A property owner looking to invest in a new rain gutter system may at first be overwhelmed by all the available options. To help you out, here are answers to some common questions about rain gutters, as well as a glossary of important terms describing parts of a rain gutter system.

Frequently Asked Questions

Q: I don’t like the look of traditional downspouts—are there any alternatives to normal rain gutter systems?

A: Practically every home or business needs a rain gutter—however, not every property needs the same kind of gutter. Depending on the design of your property, there are a wide variety of rain gutter materials and styles to choose from. A popular alternative to the traditional downspout is a rain chain—rain chains serve the same purpose as a downspout, but they’re designed to be extremely aesthetically pleasing.

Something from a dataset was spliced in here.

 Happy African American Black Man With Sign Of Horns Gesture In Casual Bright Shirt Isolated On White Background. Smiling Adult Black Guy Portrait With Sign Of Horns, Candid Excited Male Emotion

Q: How much do rain gutters cost?

A: The price of a rain gutter largely depends on the length needed for your home and the style and types of materials used. A copper rain gutter system, for example, is generally going to cost more than an aluminum one. Rest assured, though, that you won’t have to break your budget to get a rain gutter installed on your property. Our experts will help you choose the best system to fit your budget.

Q: What are the different kinds of rain gutters?

A: Rain gutters come in a wide variety of colors, styles, and materials. Two of the most popular rain gutter materials are aluminum and copper. You will also have the choice to choose seamless gutters, which are less likely to develop leaks than traditional systems. Instead of a regular downspout, you may consider a rain chain—which serves the same function, but which is more beautiful.

Rain Gutter Glossary

Here is a glossary of words you should understand when researching rain gutter systems.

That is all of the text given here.